Amazon is now lending a billion dollars a year to merchants on its platform, a drop in the ocean for the largest commercial banks, but a statement of intent. The comfort that has come from bankers saying that someone like Amazon won’t want the hassle of having a regulated balance sheet was probably mirrored in the board rooms of retailers who thought that Amazon wouldn’t want the hassle of managing 400 physical Wholefood stores.

Enabling banking evolution in Scotland

While they are unlikely to truly disrupt the banking industry, smaller fintechs still have a lot to offer. Some of the most successful Scottish fintechs are those that have focused on enabling the evolution of the incumbent banks in a B2B model.

Encompass, which started in Australia, but is now adding staff in Glasgow, solves a particularly complex and troublesome part of the “Know Your Customer” process; Who actually owns the entity that you are starting a relationship with? Being able to access that information quickly and easily doesn’t revolutionize banking, but it does lower both costs and risks.

Encompass in Scotland

Another good example of cooperation is Edinburgh based FreeAgent (simple accounting and business management software for small businesses), which recently announced a strategic partnership with RBS that includes data integration.

If Scotland is to be successful in establishing a thriving fintech cluster, then a focus on collaboration means there needs to be excellent connective tissue between the upstarts and the incumbents so that they can learn from each other. Simply putting the pony-tailed developers in a room with the suits can still be a challenging cultural match, so there is a role to be played by accelerators and incubators that help startups make the right connections and pitch their ideas in a way that can be easily consumed by traditional banks. Many traditional banks run these types of programs already, but the challenge for Scotland is to make sure that there is enough bottom up entrepreneurship to make it worthwhile running a program north of the border as well as in Shoreditch.

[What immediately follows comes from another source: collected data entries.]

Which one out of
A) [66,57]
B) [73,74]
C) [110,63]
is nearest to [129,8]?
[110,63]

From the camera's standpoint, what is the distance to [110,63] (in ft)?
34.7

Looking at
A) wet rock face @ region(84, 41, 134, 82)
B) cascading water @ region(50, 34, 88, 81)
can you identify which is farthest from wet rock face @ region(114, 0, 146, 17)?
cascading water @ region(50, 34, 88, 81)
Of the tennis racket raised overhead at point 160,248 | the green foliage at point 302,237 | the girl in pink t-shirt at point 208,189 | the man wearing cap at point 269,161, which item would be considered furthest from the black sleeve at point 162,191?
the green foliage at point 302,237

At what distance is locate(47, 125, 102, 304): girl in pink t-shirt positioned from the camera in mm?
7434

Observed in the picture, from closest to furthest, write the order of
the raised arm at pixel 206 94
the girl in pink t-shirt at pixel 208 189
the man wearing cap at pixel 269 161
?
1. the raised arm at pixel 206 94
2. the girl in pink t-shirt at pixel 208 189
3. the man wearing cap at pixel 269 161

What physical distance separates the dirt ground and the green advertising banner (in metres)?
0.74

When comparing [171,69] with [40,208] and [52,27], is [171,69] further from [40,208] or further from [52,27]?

Creating a collaborative fintech ecosystem in Scotland

Creating a collaborative ecosystem between established players and fintechs also means both sides understanding what it takes to have a good partnership. A critical foundation is transparency. Banks need to set clear rules about deadlines, scope and metrics for projects to help fintechs work more successfully with banks on proof-of-concepts. Banks also need to make it easier to move at the speed of technology. Procedures around contract closings and security approvals need to take days or even hours, not months, to keep partnerships on track.

But sometime delays are inevitable, and to ensure fintechs have full understanding of each step, banks should dedicate staffers at the outset to see a project through to completion, providing continuity and institutional knowledge. Finally, banks should create "sandboxes" for fintechs to work in — safe spaces where they can test new products with small groups of actual users in a simulated environment to vet and shape those ideas before having to consider complex regulations and production scale complexity.

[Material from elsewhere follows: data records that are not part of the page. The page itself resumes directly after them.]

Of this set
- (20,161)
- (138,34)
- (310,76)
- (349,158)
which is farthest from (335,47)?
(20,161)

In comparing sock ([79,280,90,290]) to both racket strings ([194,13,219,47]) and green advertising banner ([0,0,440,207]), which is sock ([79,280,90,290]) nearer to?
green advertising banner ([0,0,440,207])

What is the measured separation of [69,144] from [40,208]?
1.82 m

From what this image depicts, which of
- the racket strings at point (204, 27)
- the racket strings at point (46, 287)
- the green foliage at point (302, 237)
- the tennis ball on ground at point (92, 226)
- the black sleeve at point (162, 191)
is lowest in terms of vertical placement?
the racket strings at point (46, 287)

The other factor that helps fintechs mature is also the existence of peer networks. One of the reasons Silicon Valley is such an innovation machine is that it has a critical mass of investors, coaches, mentors and Board members who network across startups and help them mature as a group, rather than leave them to reinvent the wheel. Scotland has the challenge of achieving critical mass in a way that creates this virtuous cycle, but again this is where big banks can play a role in combination with universities, government agencies and early stage investors.

Ultimately, the banking industry will evolve and change and fintechs will play an important role in that process. For Scotland to build a successful fintech cluster it needs to create an environment where collaboration with established players is easy and encouraged. If the focus is on creating challengers rather than collaborators, then the probability of success will plummet, and the critical mass required to build a successful fintech cluster will never develop.